Philip, Baron Gould of Brookwood

By Dr Maggie Scammell

I first met Philip shortly after the 1987 election at which Labour had been hammered for the third time in succession. I was writing my PhD and Philip agreed to an interview. We met in what I hazily recall as a rabbit warren type office in Soho, I think. My first memory of him is almost the same as my last; he was bristling with nervous energy, generous with his time, eager to explain his work for Labour, and impatient for change. 

Philip was one of the first and one of the few professional political consultants in the UK. He always hated it when I called him a "political marketer"; he said his job was all about connection, linking the Labour Party and its leaders to ordinary people. He believed that the Left too often lagged behind the Right in the arts of campaigning and he was passionate about sharing his knowledge in the hope of creating a new cadre of skilled progressive campaigners.

He jumped at the chance when I invited him to give some guest lectures on my Political Communication course. But it was nowhere near enough for him. He became visiting professor at the LSE and ran a series of lectures bringing in such as Alastair Campbell, Peter Mandelson and Stanley Greenberg (Bill Clinton's pollster) and then he set up his own MSc course, Modern Campaigning Politics.

Philip certainly connected with the LSE. He told me on several occasions that he much preferred classes with our students to those at Oxford; the LSE students were more grounded, more real-world, he felt. And, something that I liked so much about him, he loved it when the students gave him a hard time. "There were a few questions there that I couldn't really answer", he'd say, delighted and invigorated, and with an eye for likely interns. He'd been a Masters student here himself, and was hugely influenced by Michael Oakeshott. He'd introduce his lectures with a quote from Oakeshott, that the art of politics was like sailing in a boundless, bottomless sea.

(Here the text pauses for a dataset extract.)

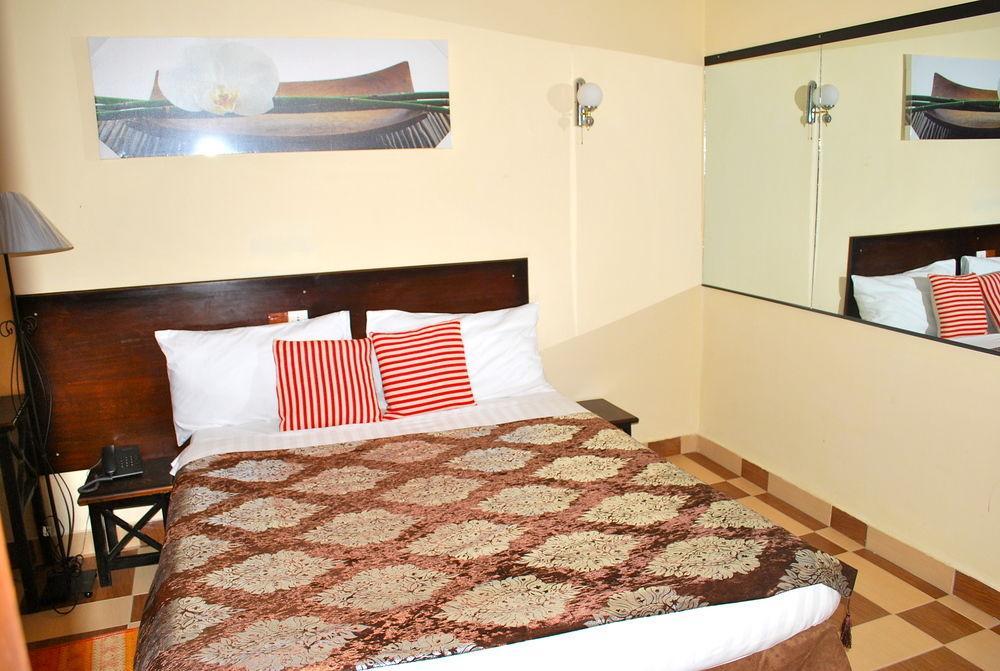 Yaahot Hotel Yaoundé Eksteriør billede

It was one of Philip's mantras; politics was a "flow", constantly changing. Yesterday's strengths are tomorrow's weaknesses, and so Labour had to be in a state of permanent adjustment, from New Labour to new New Labour to mature new Labour and so on.

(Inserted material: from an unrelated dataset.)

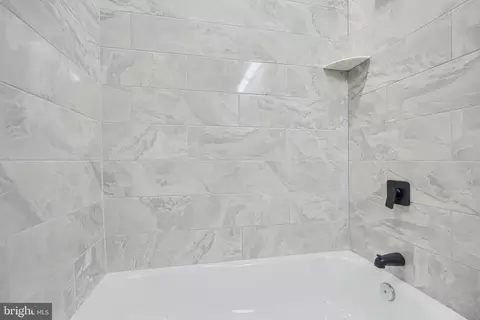 Bath - 5706 Berkeley Ave, Baltimore, MD 21215 photo 3 of 15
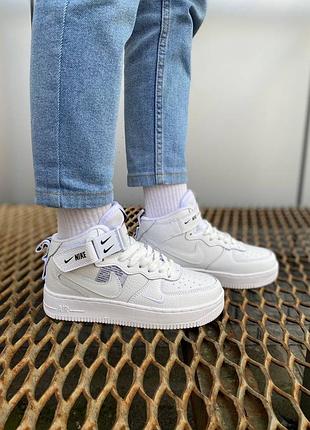 Nike air force 1’07lv8 ultra high white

He was a self-confessed political nutcase and probably he needed to be at time when his marketing skills were often derided in his party. His persistence was extraordinary and his memo-writing legendary, constantly warning Labour about dangers to its "brand". It was the type of language that grated horribly for party traditionalists. He was part of the group John Prescott once dismissed as the "beautiful people", and Prescott again after yet another leaked Gould memo declared that "all that glitters is not Gould".

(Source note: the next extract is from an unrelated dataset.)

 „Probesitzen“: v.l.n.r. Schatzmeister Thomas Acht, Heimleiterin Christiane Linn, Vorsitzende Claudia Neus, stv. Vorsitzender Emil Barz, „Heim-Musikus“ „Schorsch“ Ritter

Yet, there is no doubting that Gould was one of the select few who created New Labour. "There has been no figure quite like him in British politics," according to Tony Blair's biographer, Anthony Seldon. "He is more than just a pollster who provides research: he is a tireless proselytizer for what that research means. He inspired and encouraged Labour's change from a doctrine/tradition driven party to a values/market-driven one. A political advertising man has taken the place of generations of socialist philosophers."

The more I got to know Philip the more I liked him. He was genuinely kind and instinctively on the side of the little guy. He could be deliciously gossipy on occasion and let students feel they were being let into a secret political world. He made politics real and human. He could be disarmingly self-deprecatory, both about himself and New Labour. I always felt at ease with Philip; he never swanked his status, either as a peer of the realm or as one of the world's leading political consultants. He felt like a good friend although we only ever saw each other professionally. His death is a huge loss.